Director    Saul Dibb
Starring    Ashley Walters, Luke Fraser, Leon Black
3 stars


12th April 2005

Gosh, that So Solid Crew turned out to be a diverse bunch, didn't they? Anyone who caught the Tsunami benefit football match with the Celebs versus the Liverpool Legends will have seen young Harvey racing down the wing and giving Rafa Benitez a thing or two to think about. Lisa Maffia and Romeo both recently showed their bodies were as physically fit as their rhymes were fly on Channel 4's The Games. Step forward MC Asher D aka Ashley Walters, the first of the So Solid Crew to try their luck at acting, in Saul Dibb's Bullet Boy. Blimey, with a collection of talent like that, it's a miracle their records aren't still selling by the bucketload! Oh yeah. They sucked. That's why.

Still, monotonous garage beats to one side, please. Bullet Boy is a BBC-funded UK picture set in East London, which sees Walters take on a role that must sit uncomfortably close to home. He plays Ricky Gordon, a young man fresh out of prison and desperate to go straight, but whose lifestyle proves to be more difficult to escape than he had envisioned. The parallels with real life are on screen for all to see - Walters was jailed for gun possession in 2002, his character is immediately drawn back into a world of gun crime and gang culture - and matched with an authentic script and an unflattering portrayal of the nation's capital, Bullet Boy has no problems in the realism department. The language is often impenetrable - if you don't know your blads from your bredrins you'll be lost - but is always on the money. Having lived here for six months, I can confirm that East London is indeed a hole, but it's captured on film wonderfully, with a striking contrast between the dead grey concrete of the inner city and the burnt out green marshes of Hackney

Bullet Boy is a fairly straightforward picture and doesn't aim particularly high, rather seeming happy enough to tell culturally relevant story properly without preaching or pointing fingers. The characters, though they may be played with the appropriate level of pathos, are too broadly drawn to engage in any lasting emotional connection - there's the gangster turned good, the irresponsible best friend, the impressionable younger brother, the doting mother, the innocent girlfriend - no one character can lay claim to being anything approaching interesting.
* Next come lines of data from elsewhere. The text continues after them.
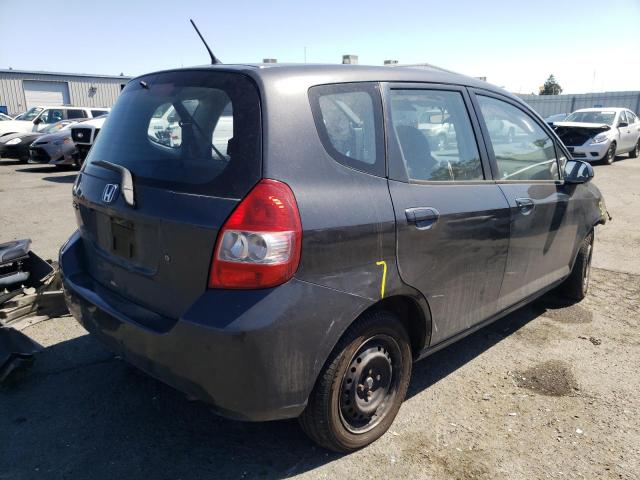 Photo 4 from auction – 2008 HONDA FIT with VIN JHMGD38408S026253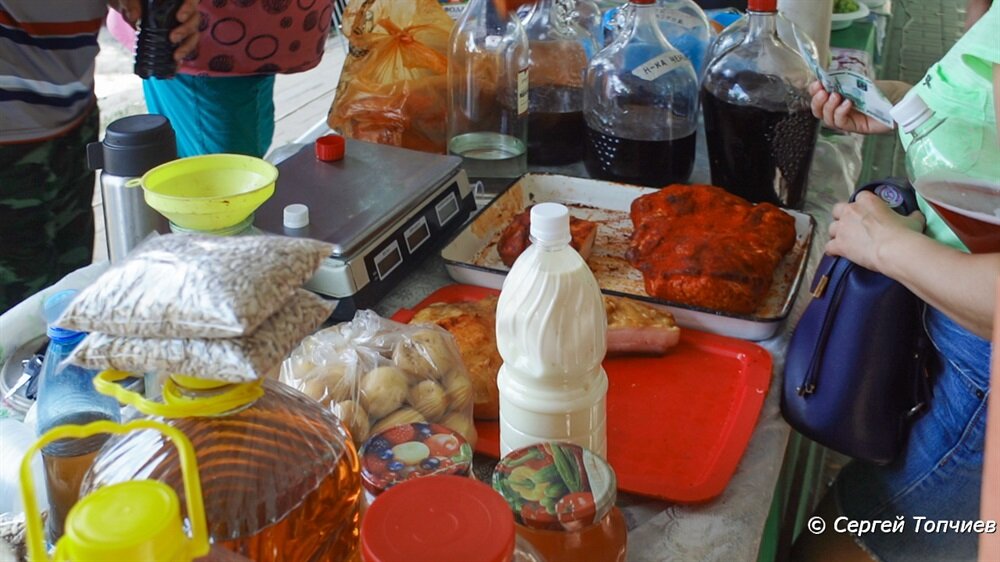 Базар в Старочеркасской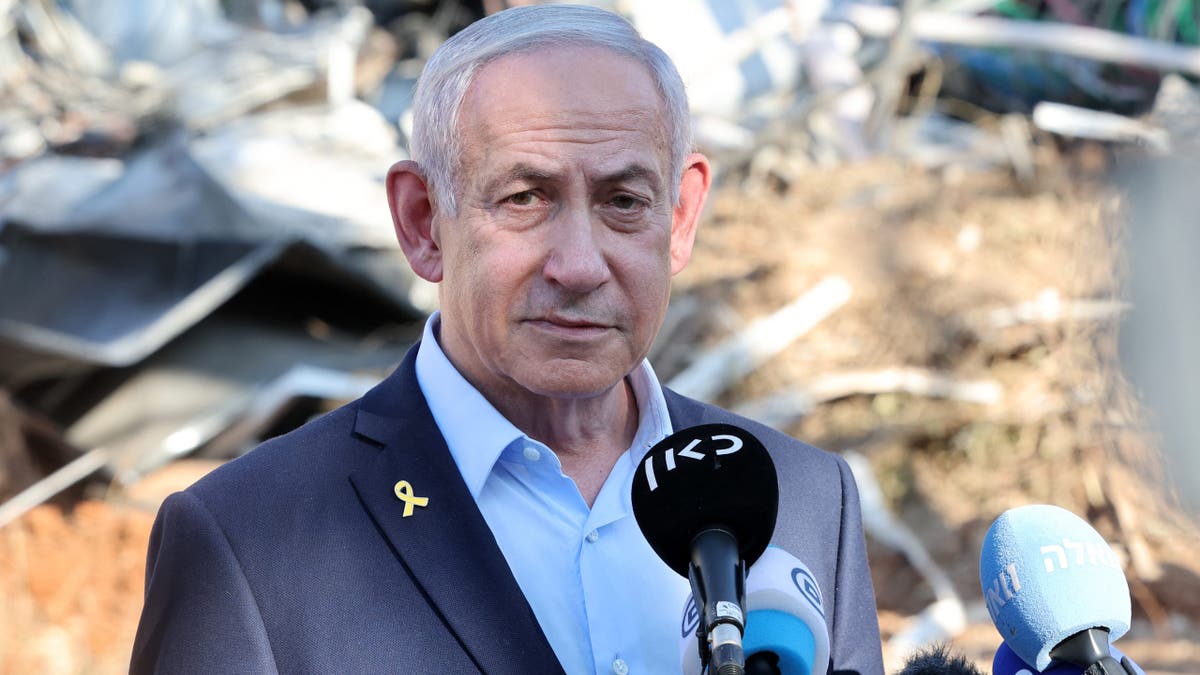 President Donald Trump says Israel's leaders must "make a decision" about how to end the war in Gaza.
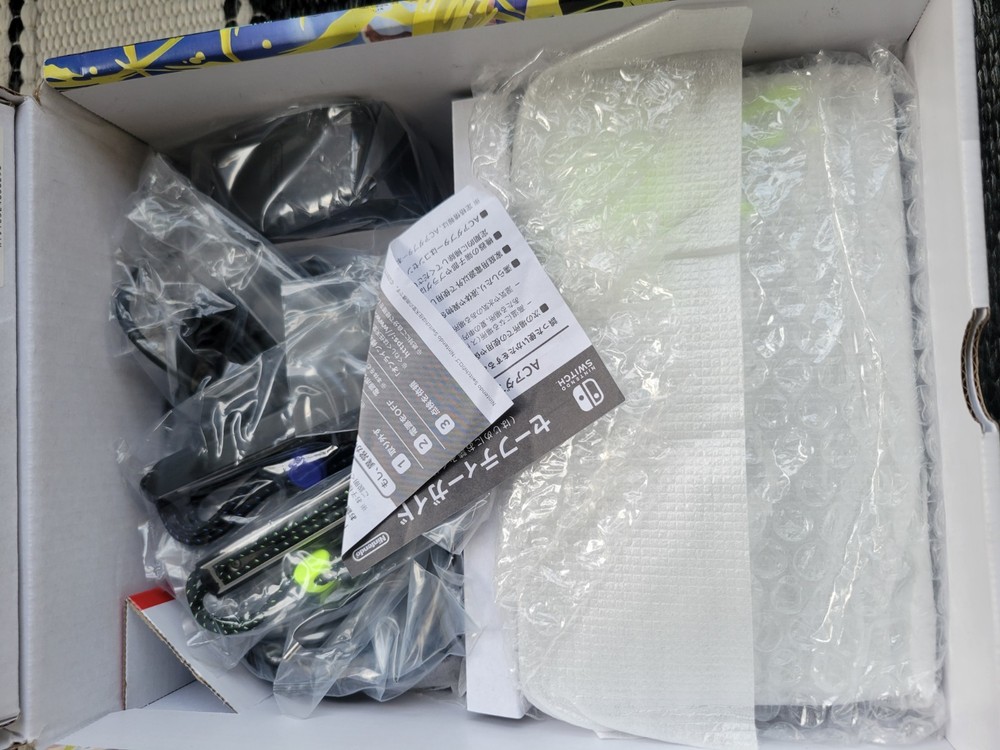 Nintendo Switch OLED Splatoon 3 Edition NEW NO CONSOLE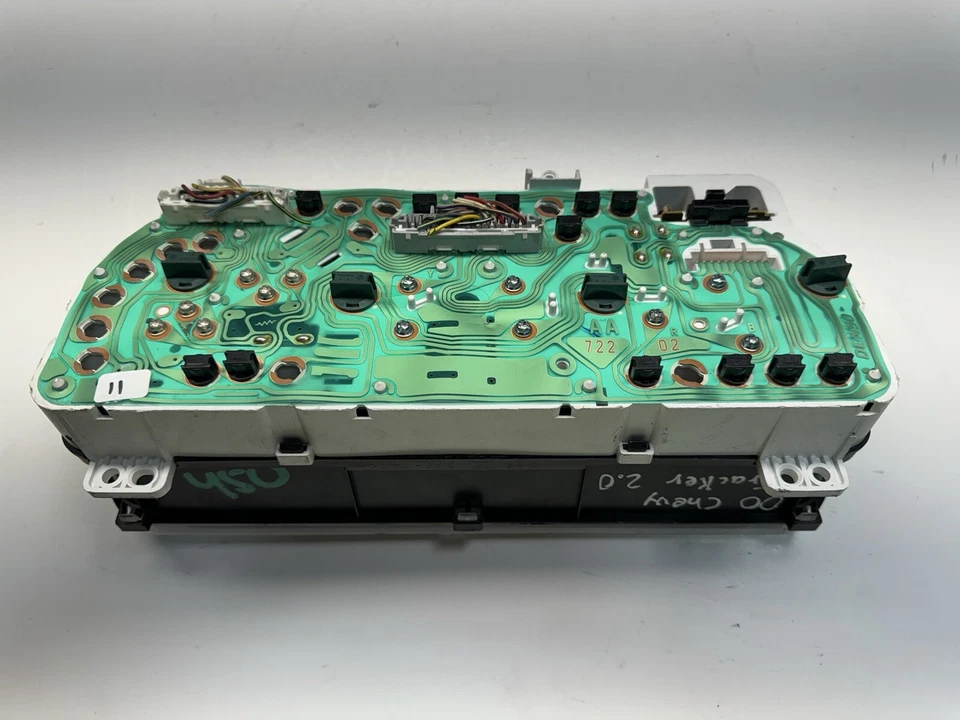 2001 - 2002 雪佛兰 GEO 跟踪器 2.5 升,原始设备制造商速度计集群 #450 — 第 4/4 张图片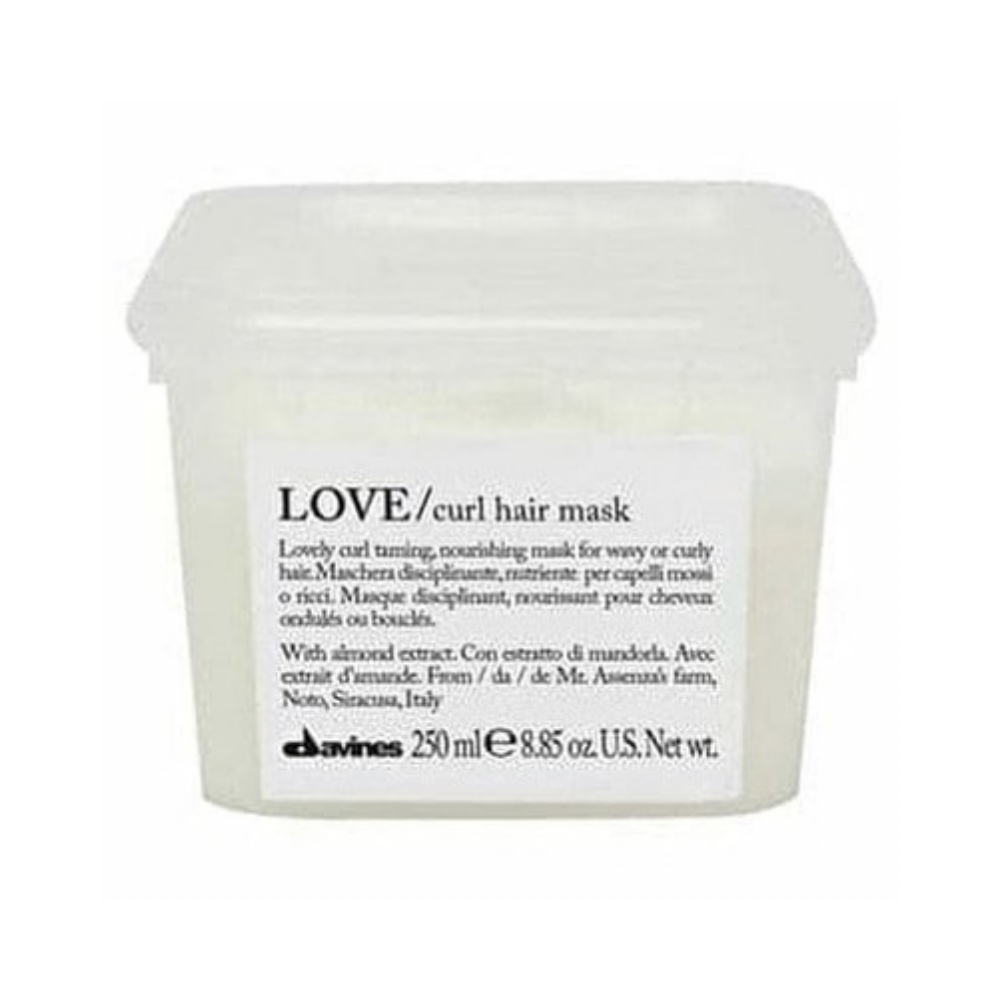 Davines Love Curl Hair Mask (For Wavy Or Curly Hair) 250ml/8.79oz by Pasteur Pharmacy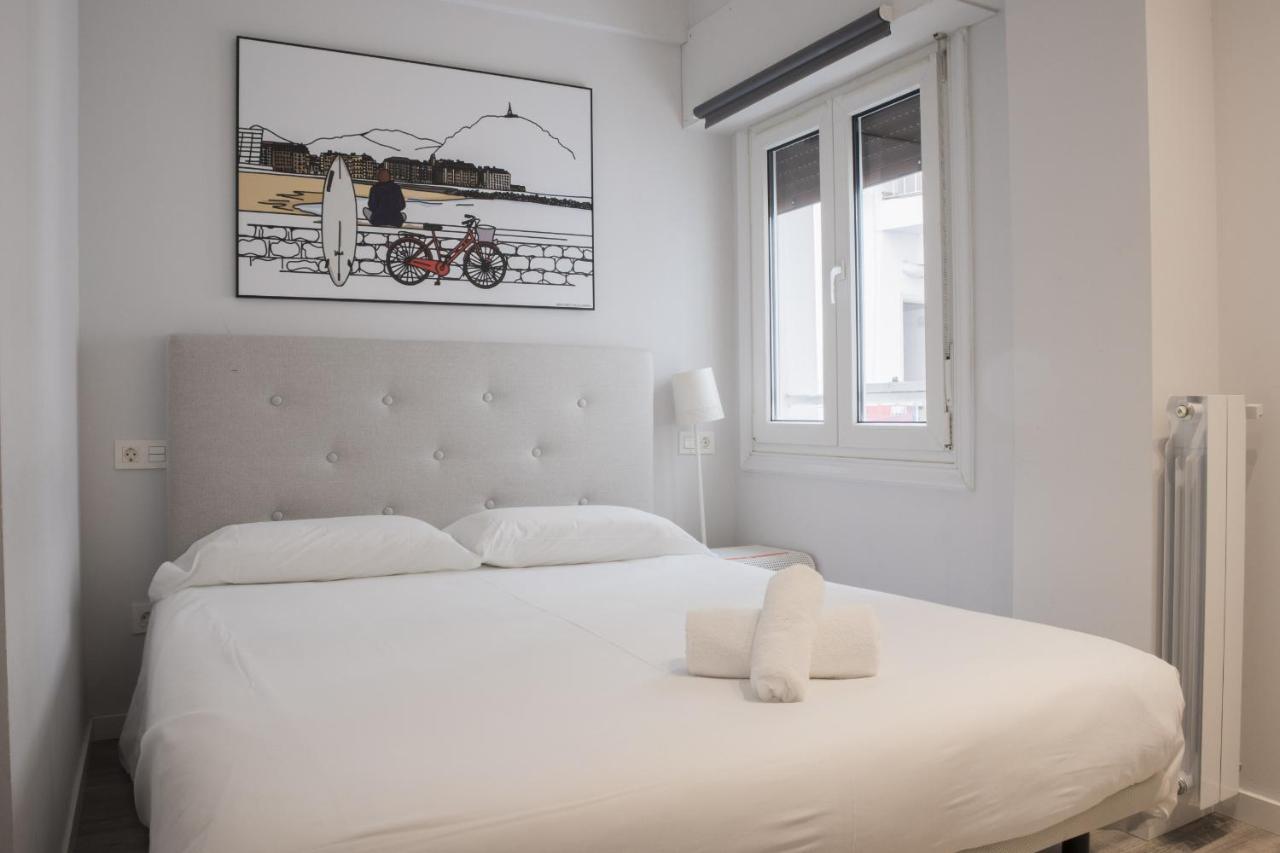 Plaza B - Local Rentss Apartment Сан Себастиан Екстериор снимка
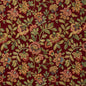 D2048 Floral Wine Red & Burgundy Charlotte Fabrics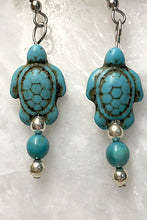 Load image into Gallery viewer, Turtle earrings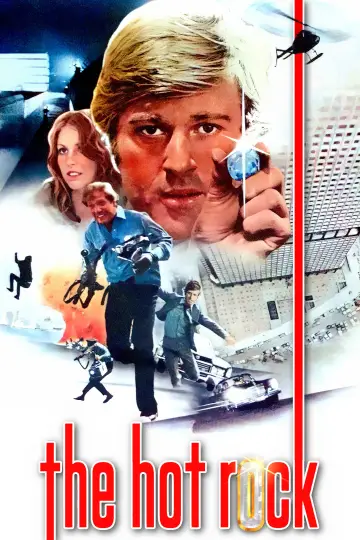 Poster to the movie "The Hot Rock" #1785747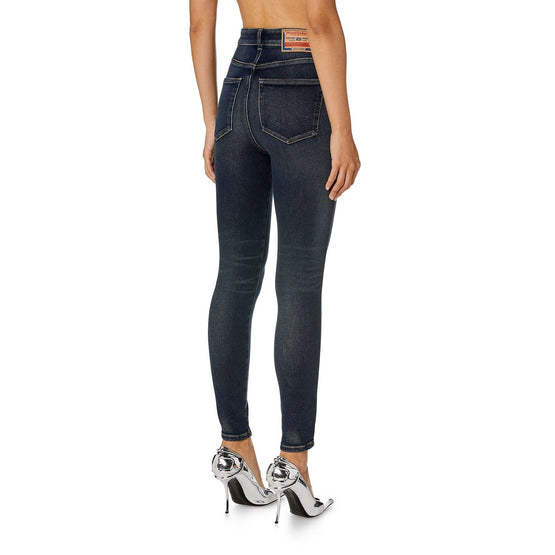 Women 1984 Slandy-High L.32 Trousers - Navy
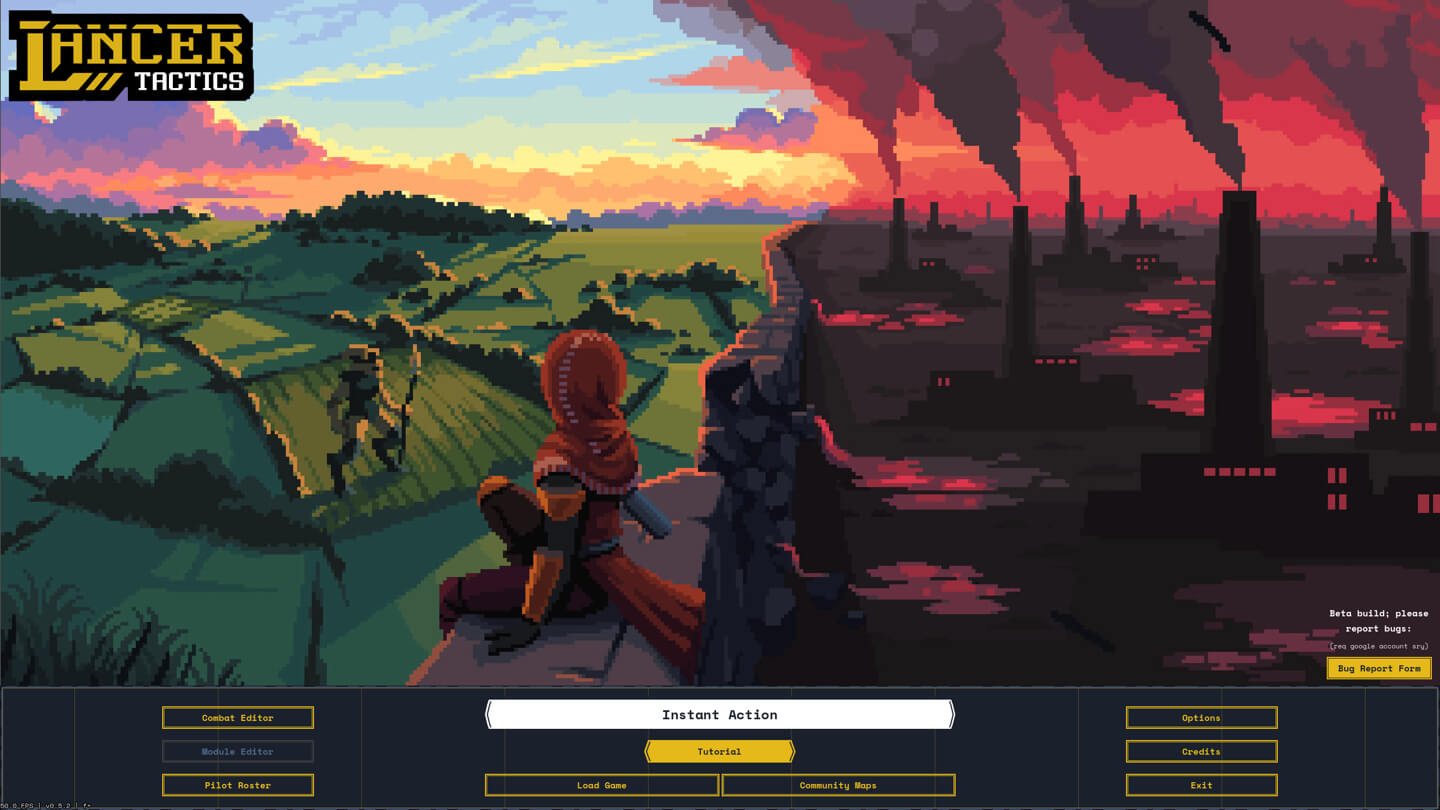 枪骑兵战术 Lancer Tactics for Mac v0.5.2 英文原生版-1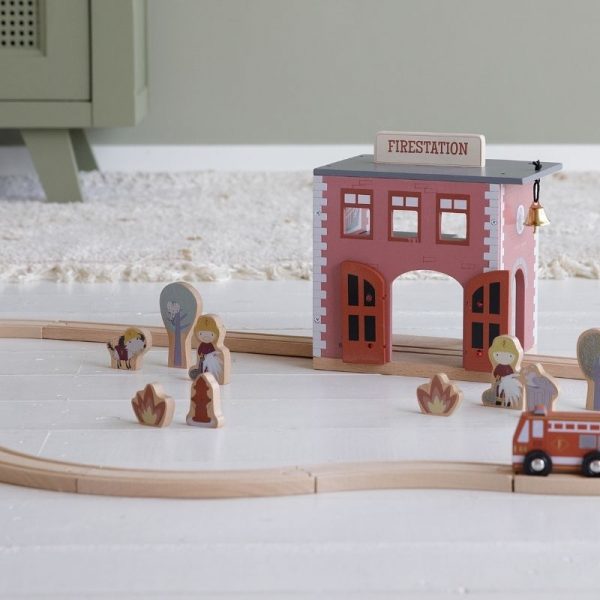 Caserma dei pompieri estensione railway Little Dutch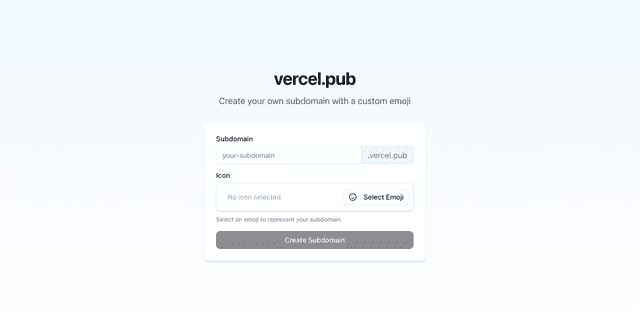 Platforms Starter Kit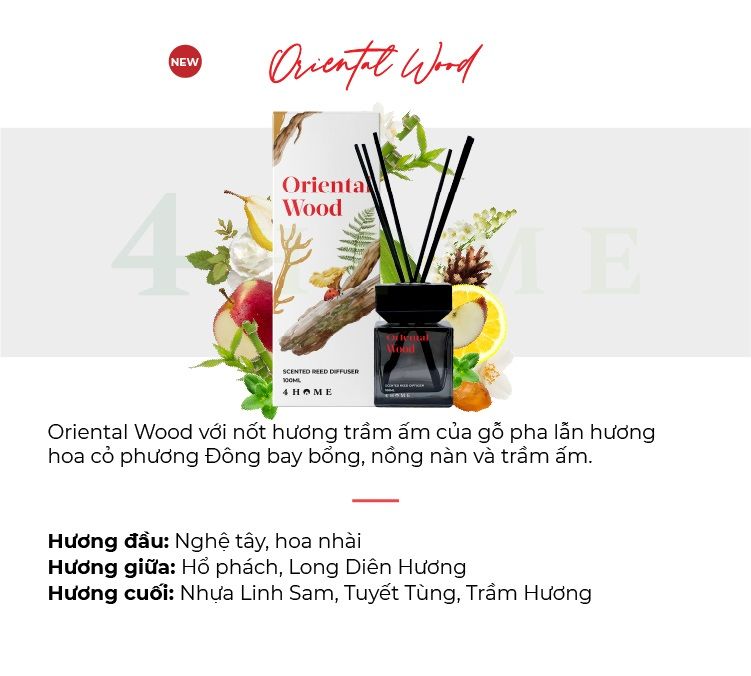  DEAL 1: TINH DẦU TÁN HƯƠNG 4HOME 100ML (MỚI)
Walters, for all his past crimes (that includes his... ahem, criminal records), does an passable job in fleshing out Ricky, although his character's apparent immunity to the death and destruction unfolding around him might be construed as a lack of acting ability rather than world-weariness. Besides, his younger brother Curtis steals every scene they share, particularly the merciless mocking about a job in McDonalds being Ricky's only viable prospect for the future.

At just 89 minutes, Bullet Boy often struggles to find a foothold so as to convey its message - guns are bad but they're often an unavoidable way of life for some people - and characters quite often lack the depth required to make us believe this is true. Ricky's claim that he owes a life debt to his gun-happy friend Wisdom doesn't explain or excuse their friendship, and the parallel between them with Curtis and his best friend is too glaringly obvious to be considered a clever social comment.

Despite being called Bullet Boy and revolving around gun crime and gang culture, vitally there's very little actual gunplay involved. Every time a firearm is discharged, the impact is undeniable and shocking, sending out waves of trouble and only serving to place those involved in even more grave danger - one accusation that certainly can't be levelled at Bullet Boy is that it glamorises gun culture. Every bullet fired matters, every body that piles up has a story and every time a gun is pointed at someone, the threat is tangible. If you've been brought up on a movie diet of shooting first and asking questions later or firing off acute one-liners before popping a cap in some homeboy's ass, then Bullet Boy may well be as shocking to you as a gun jammed in your temple. Should you happen to live in London or similarly affected areas, then you'll enjoy a short, sharp, realistically told story that's refreshingly free of bullshit.